Katie ate a handful of pretzels one by one, licking the salt off them before she crunched them, which she had also done in high school, but it hadn't murdered Wil's impulse control like it was doing now. If she didn't stop, Wil was going to take off all of her clothes and just exist in the deep end.
"Oh! I know what we can do!" Katie said.
"What is it? Please stop fellating those pretzels."
Katie grinned and licked another one, very slow. "Hmm. What about those things on the internet that save the things on the internet after someone has taken them off? A fan did that to find my deleted LiveJournal from when I was fourteen, which meant I had to talk about my Grey's Anatomy fanfic to reporters at Cannes."
"Like a cache? A Wayback Machine?"
Katie shrugged and crunched her denuded pretzel stick. "I'm not internety."
"I'll see what I can do. When is this happening? Once I get the address?" Wil took some pretzels.
"When do you get off work?"
"Tomorrow? Four."
"Pick me up after you're done at work. I want to see what you wear to work and what you're like right after. But I need to focus tomorrow, so don't text me or call. If I think you might text, I'll be wondering if you're going to when I'm supposed to be writing."
"As it happens, I don't even have your number. Seeing as we have not spoken to each other in thirteen years."
"Right. Give me your phone."
Wil handed her phone over again, and Katie programmed herself into Wil's contacts.
Just like that.
Which told Wil it was never that Katie didn't want Wil to have her number. It was that Diana feared Katie didn't, or thought it might not be a good idea, or simply had never thought to give Wil access to the daughter she watched over and worried about.
"Fair warning, I used the yacht picture to come up if I contact you," Katie said. "So don't call or text me tomorrow, but I like that you do have my number, and then I can think about how much you're holding yourself back and if you will manage to. Like if you might just lose it and send me a nude."
Wil did not imagine herself sending Katie Price a nude—or rather she tried not to, but did a little bit, and had to squeeze her legs together. "Katie. I'm starting to think you're teasing me."

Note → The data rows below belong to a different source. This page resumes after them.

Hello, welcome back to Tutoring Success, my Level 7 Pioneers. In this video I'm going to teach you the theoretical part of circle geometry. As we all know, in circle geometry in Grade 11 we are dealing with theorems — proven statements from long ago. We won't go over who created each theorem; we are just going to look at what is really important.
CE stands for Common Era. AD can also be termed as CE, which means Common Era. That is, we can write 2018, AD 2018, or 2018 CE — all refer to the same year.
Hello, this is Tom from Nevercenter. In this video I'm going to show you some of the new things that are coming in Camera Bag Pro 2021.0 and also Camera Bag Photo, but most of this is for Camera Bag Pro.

"I am not. At all." She touched her temple. "I'm just looping and looping and looping up here, all day long. Guess who I like to loop on lately?"

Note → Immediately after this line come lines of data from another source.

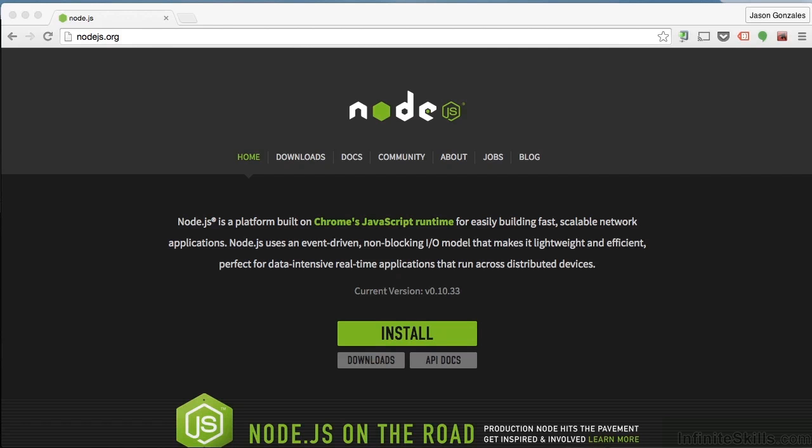In this video, I'm going to give you a short explanation of what Node.js is, why we need it, and how to install it.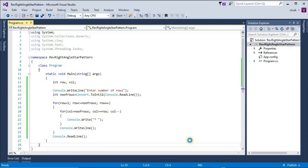That's all for reverse right angle star pattern in C sharp.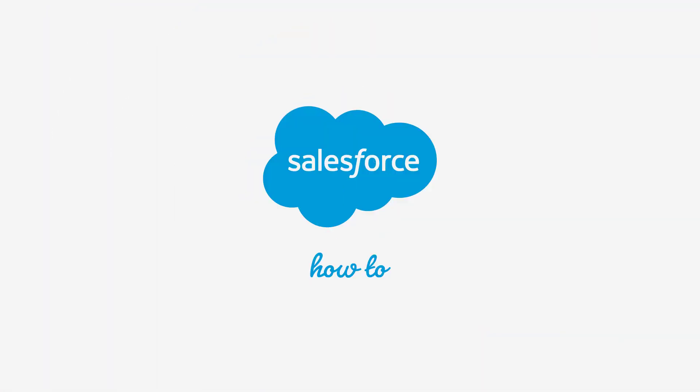For more information, check out help.salesforce.com or join us on the trail at trailblazer.salesforce.com.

Wil breathed in, slowly. Breathed out. "Okay. What are you writing?"
"I'm trying to adapt a novel. A screenplay."
Then Wil saw something on Katie's face that she was able to identify, the same thing she'd seen a hint of earlier.
Katie felt uncertain.
Uncertain people, frightened people, walked into Wil's house twice a week. Wil had learned a lot about how to connect with, validate, and work through those kinds of ordinary human feelings. "Tell me about that."
"I'm struggling," Katie said. "I've never been like you. School was hard for me. I had to put all of my psychic energy into flattering and impressing Mr. Cook to get the grade I needed to keep my admission to Winston-Salem, and then I didn't go. It's a lot to try to stay positive about doing something I've never done before that no one even wants me to do, especially when it's not going well. And it's not going well. Which is why me and my babies are spending a month in Wisconsin."
Wil took a Twizzler out of the bag and peeled a strip off it. "I have so many thoughts on that, I don't know where to start."
"I mean, dig in. I already feel like a rabbit about to bolt, so this is probably a useful conversation for me to have."
"First off, ‘flattering Mr. Cook'? Do you think that? Because I have to tell you, nobody thought that."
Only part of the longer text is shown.